**Problem requirements:** Starting with the line that contains "More Photos Of", repeat each line exactly through the final line of the listing. No picture should appear in the copy.

**Records for processing:**
────────
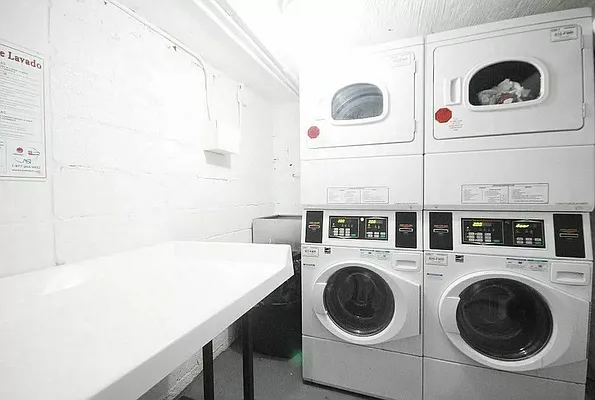 Rented by MOTION New York | media 12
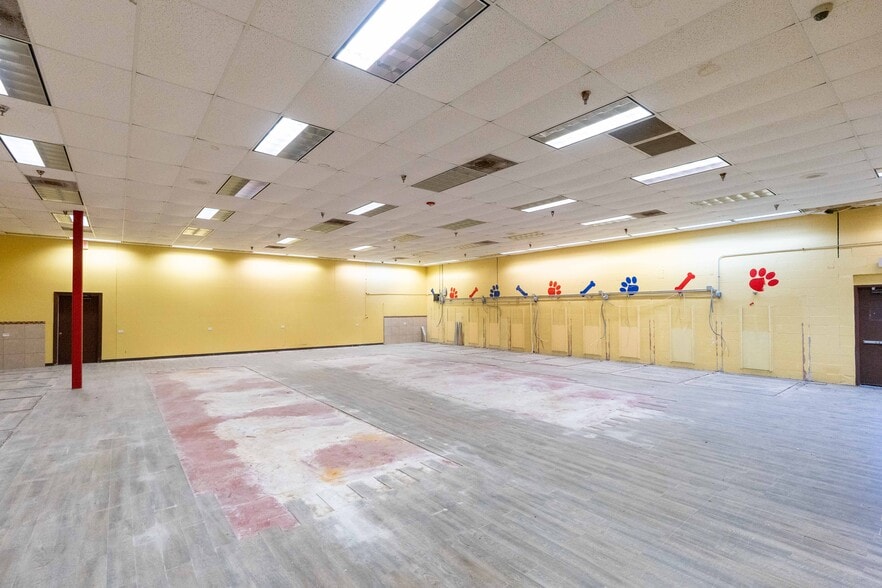 More Photos Of 33550 US Highway 19 N, Palm Harbor Freestanding For Lease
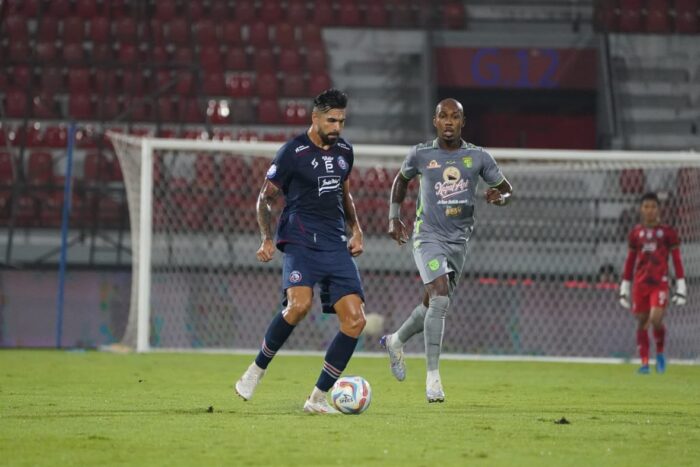 arema-fc-wajib-tumbangkan-psm-makasar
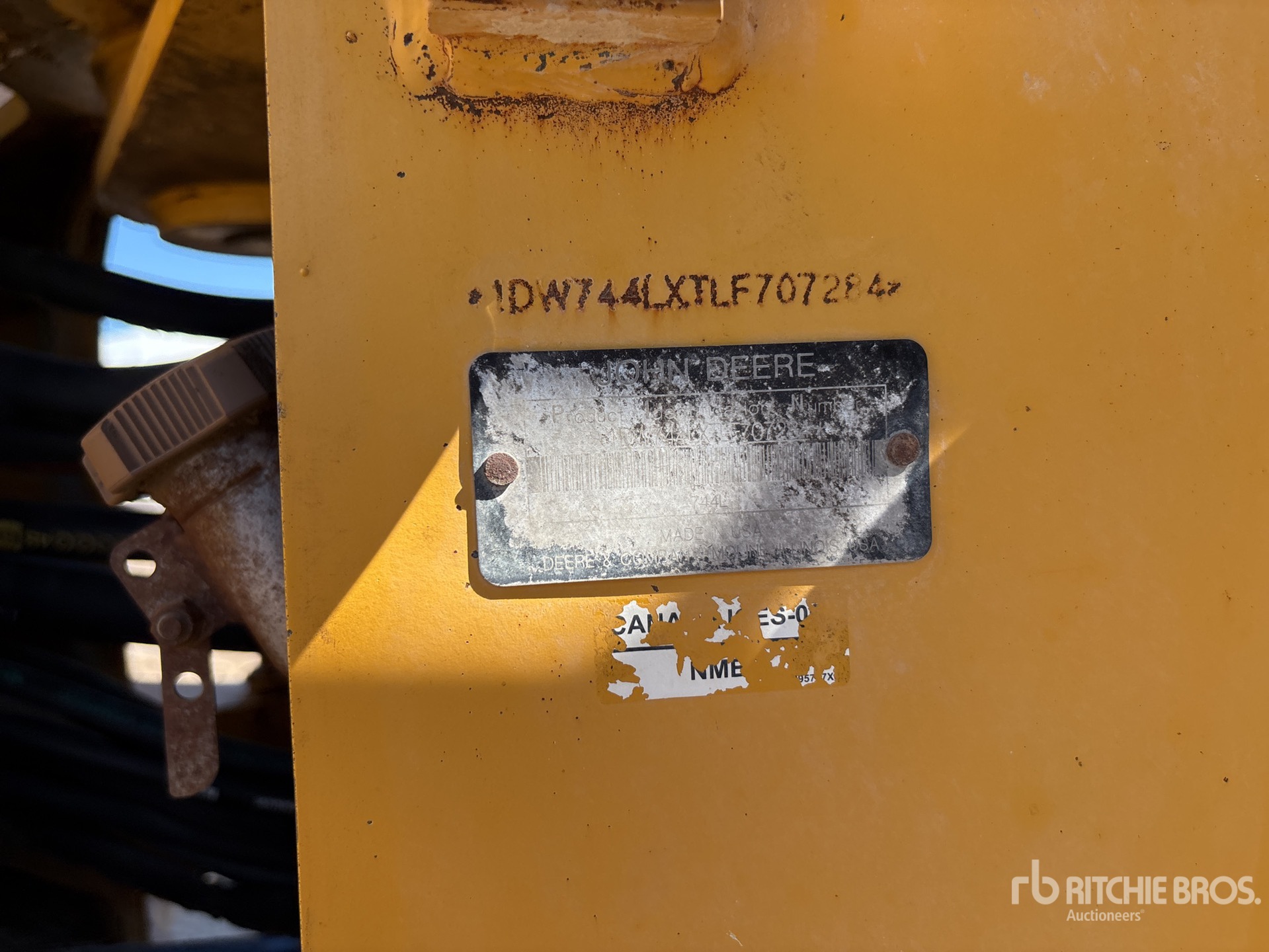 2020 John Deere 744L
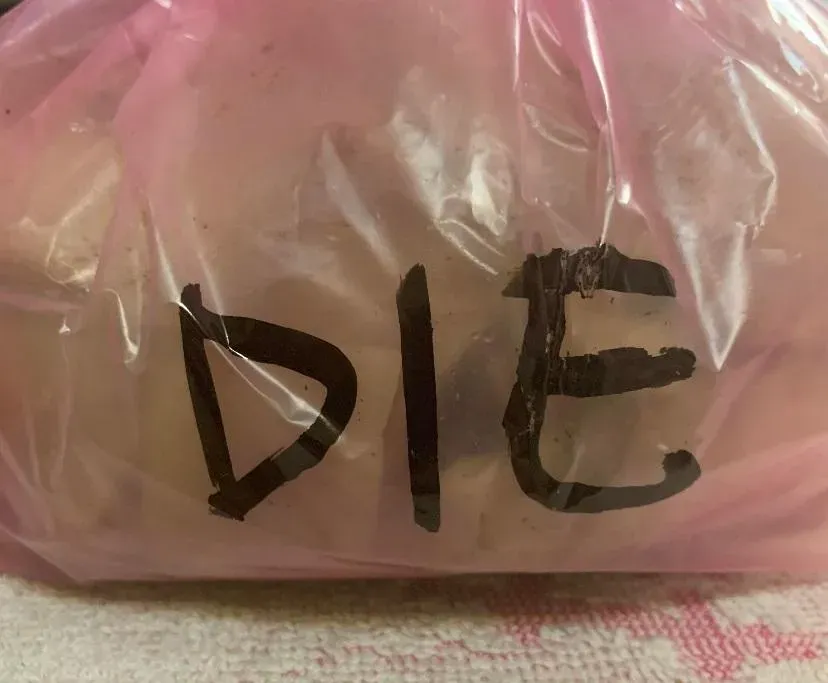 有網友驚恐表示自己點外送餐點,包裝卻寫著「DIE」(死亡)的威脅字眼。(圖/翻攝自PTT)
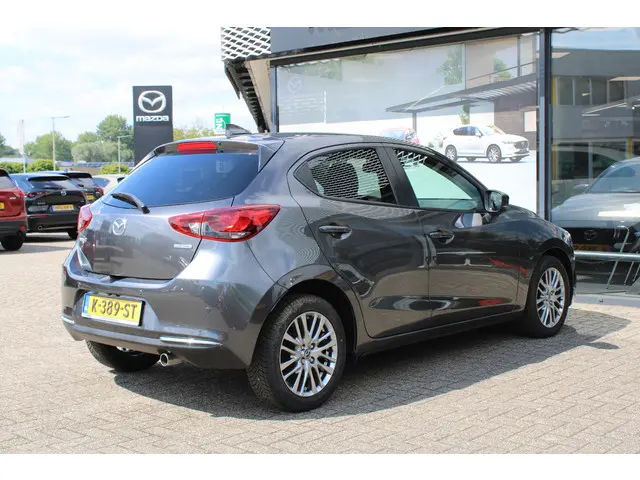 Mazda 2 1.5 Skyactiv-G Luxury 2021 Benzine 7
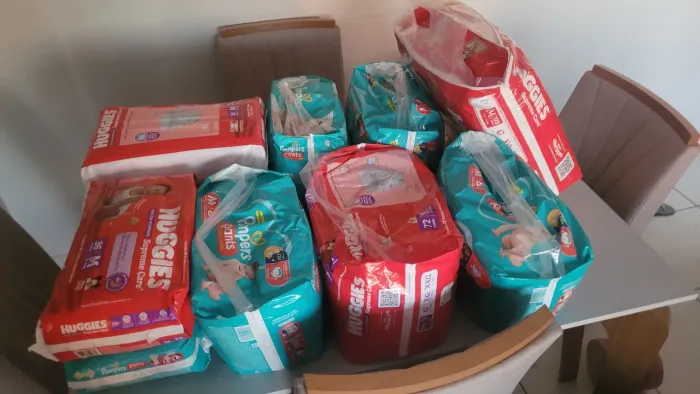 FRALDAS PAMPERS OU HUGGIES - 1 REAL A TIRA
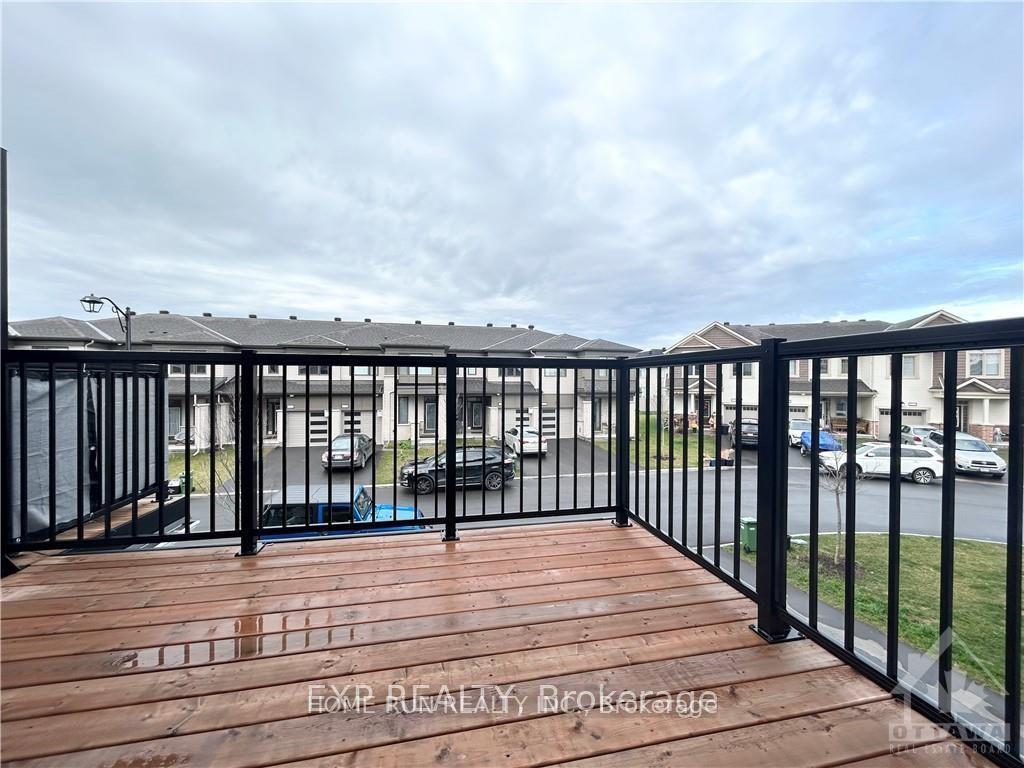 Photo 12 of 229 Atima Circle, Ottawa, Barrhaven - Half Moon Bay — HOMEH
────────
**Output below:**
 More Photos Of 33550 US Highway 19 N, Palm Harbor Freestanding For Lease
 arema-fc-wajib-tumbangkan-psm-makasar
 2020 John Deere 744L
 有網友驚恐表示自己點外送餐點,包裝卻寫著「DIE」(死亡)的威脅字眼。(圖/翻攝自PTT)
 Mazda 2 1.5 Skyactiv-G Luxury 2021 Benzine 7
 FRALDAS PAMPERS OU HUGGIES - 1 REAL A TIRA
 Photo 12 of 229 Atima Circle, Ottawa, Barrhaven - Half Moon Bay — HOMEH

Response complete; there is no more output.